(What to do) Transcribe exactly the lines below that begin at the line with "Abito a maglia" and stop after the line with "37 Sommer Circle Drive", leaving out every picture.

(Dataset excerpts)
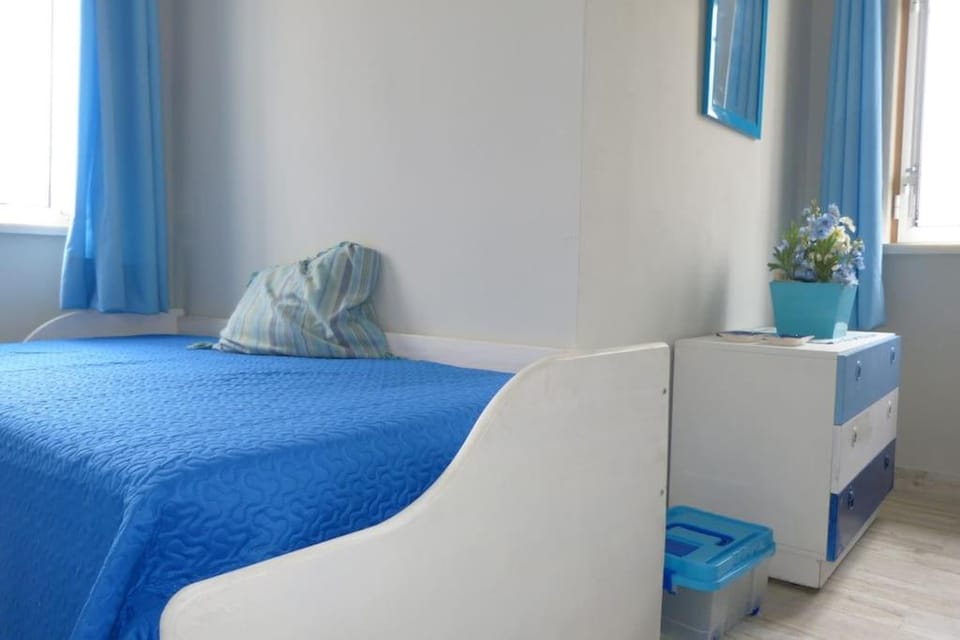 Casa Amarela - Ericeira center by the beach Apartment in Ericeira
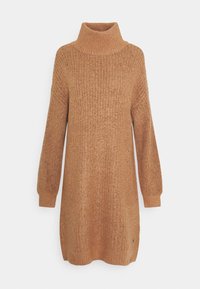 Abito a maglia con colletto alto, maniche lunghe a palloncino e un tessuto beige-marrone testurizzato. Presenta spacchi laterali per facilitare il movimento.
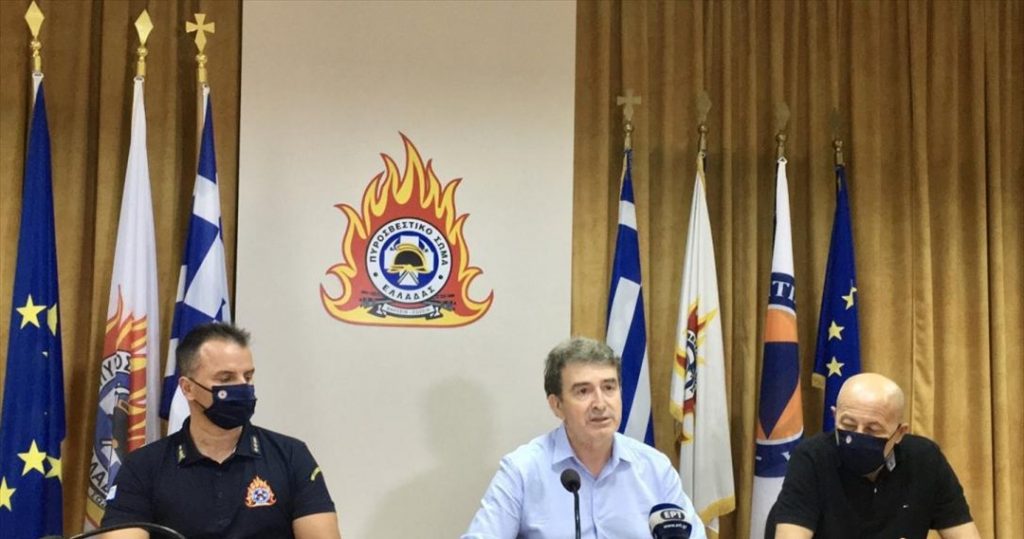 Χρυσοχοΐδης-Βίλια: Οριοθετήθηκε το μεγαλύτερο μέρος της πυρκαγιάς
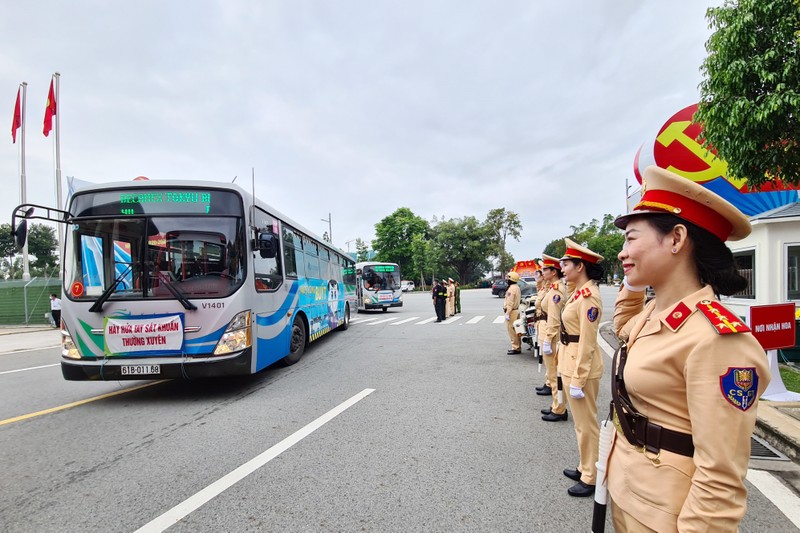 Đại hội Đảng bộ tỉnh Bình Dương lần thứ XI vào phiên trù bị - ảnh 3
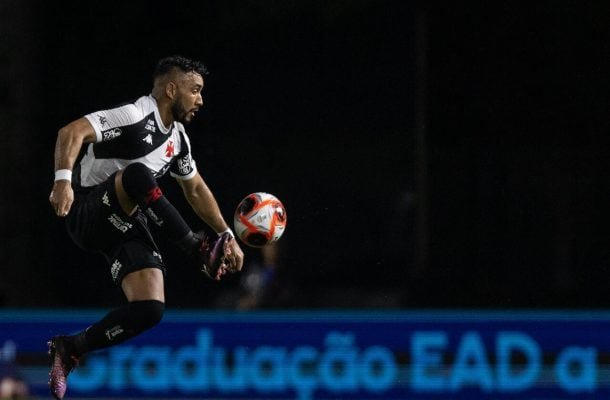 PAYET - Penteou a bola, cadenciou a partida e, mesmo de costas, acertou o ponto futuro ao armar o contra-ataque para Rayan decretar o 3 a 1. Entrou no prélio com muita qualidade - NOTA: 7,0 - Foto: Leandro Lima/Vasco 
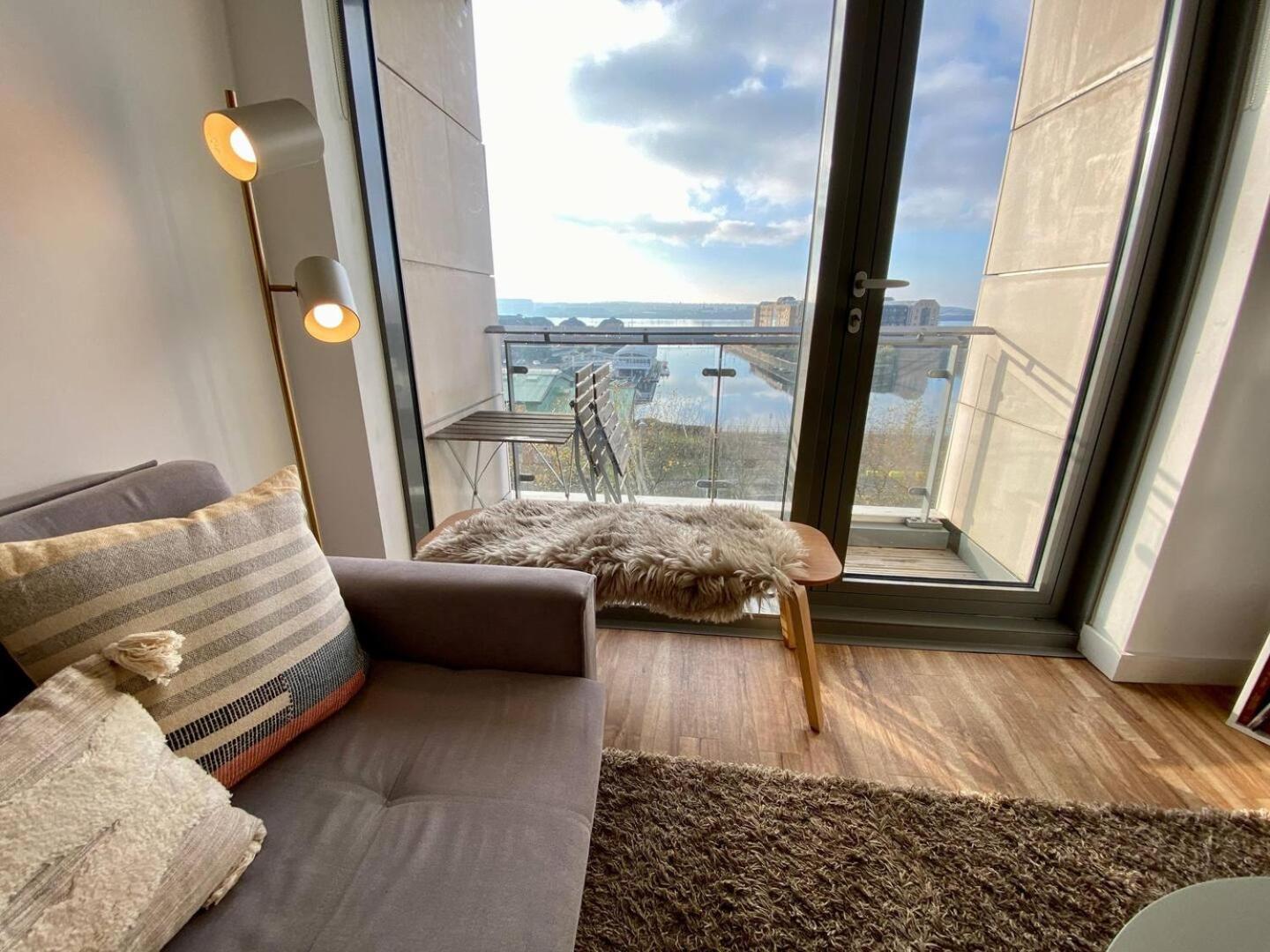 Stunning Mersey View Flat W Parking In Liverpool Luaran gambar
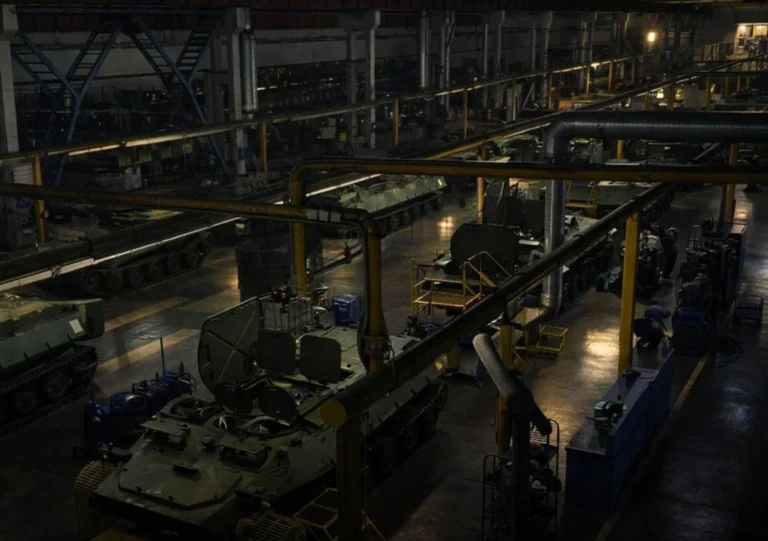 Постачали обладнання для ВПК рф на 160 млн гривень: чотири злочинця постануть перед судом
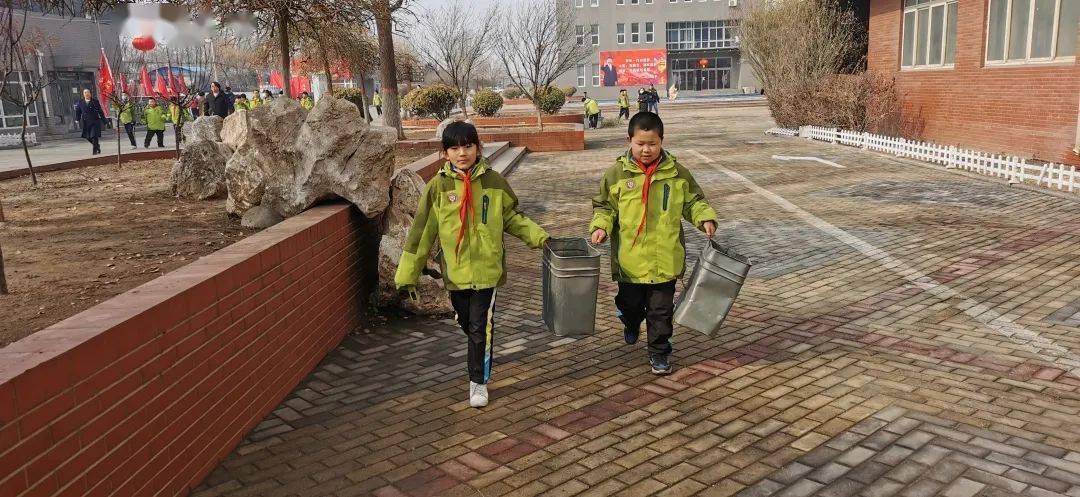 衡水枣强中学唐山分校继承优良传统弘扬雷锋精神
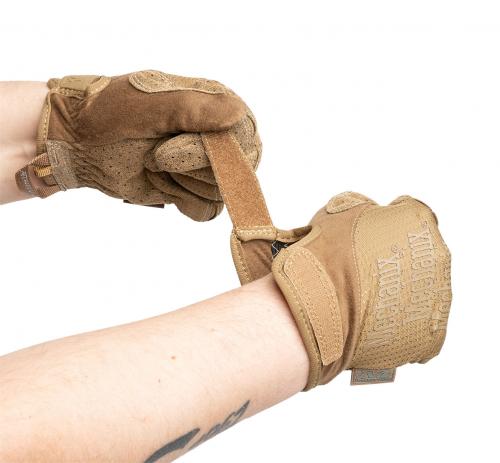Mechanix Specialty Vent hanskat. Ranteessa kumitettu tarranauhallinen kiristysläppä.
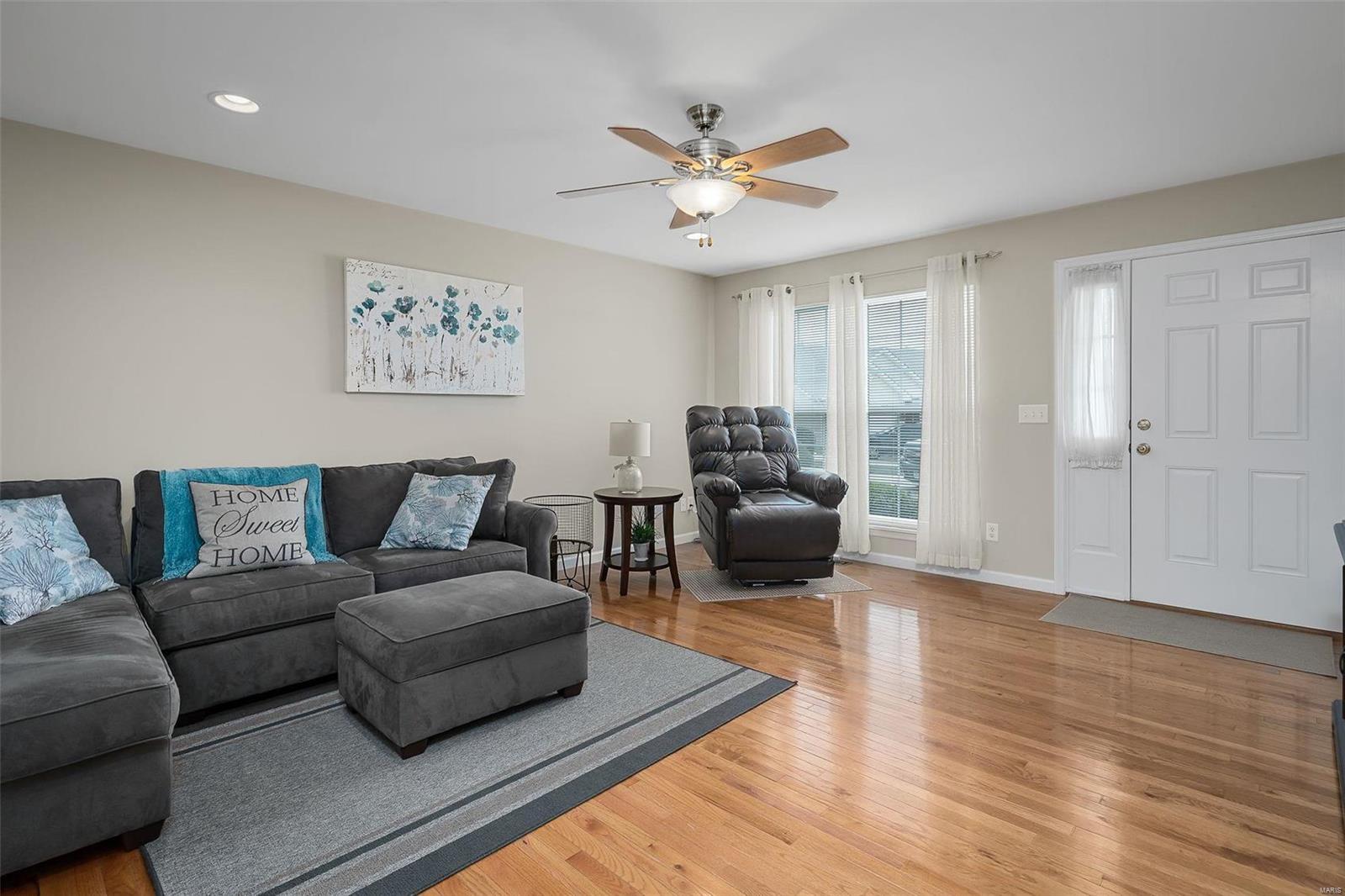 37 Sommer Circle Drive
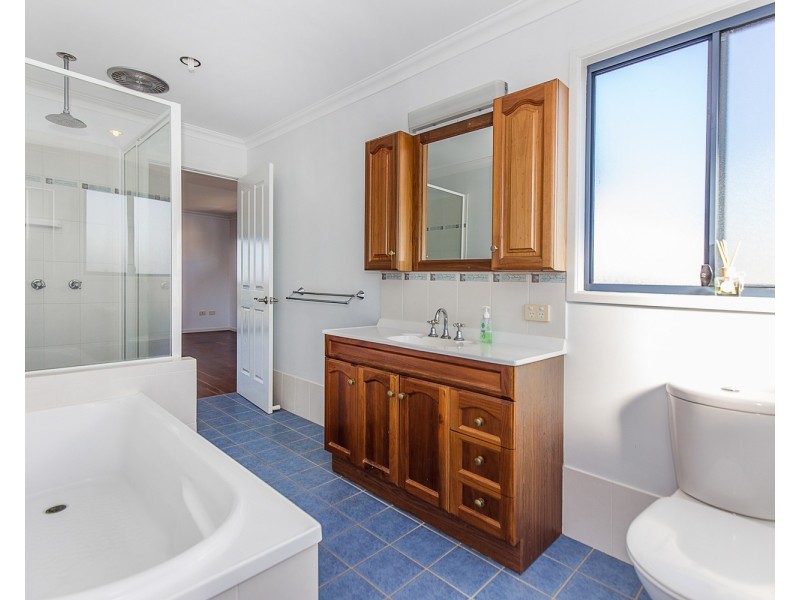 13 Hillcrest Avenue, Tweed Heads South NSW 2486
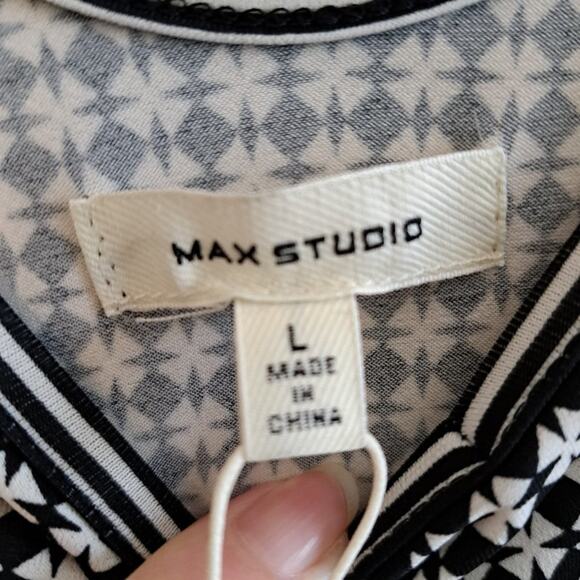 Max Studio Geometric Design Sleeveless Jumpsuit - Picture 7 of 10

(Answer)
 Abito a maglia con colletto alto, maniche lunghe a palloncino e un tessuto beige-marrone testurizzato. Presenta spacchi laterali per facilitare il movimento.
 Χρυσοχοΐδης-Βίλια: Οριοθετήθηκε το μεγαλύτερο μέρος της πυρκαγιάς
 Đại hội Đảng bộ tỉnh Bình Dương lần thứ XI vào phiên trù bị - ảnh 3
 PAYET - Penteou a bola, cadenciou a partida e, mesmo de costas, acertou o ponto futuro ao armar o contra-ataque para Rayan decretar o 3 a 1. Entrou no prélio com muita qualidade - NOTA: 7,0 - Foto: Leandro Lima/Vasco 
 Stunning Mersey View Flat W Parking In Liverpool Luaran gambar
 Постачали обладнання для ВПК рф на 160 млн гривень: чотири злочинця постануть перед судом
 衡水枣强中学唐山分校继承优良传统弘扬雷锋精神
Mechanix Specialty Vent hanskat. Ranteessa kumitettu tarranauhallinen kiristysläppä.
 37 Sommer Circle Drive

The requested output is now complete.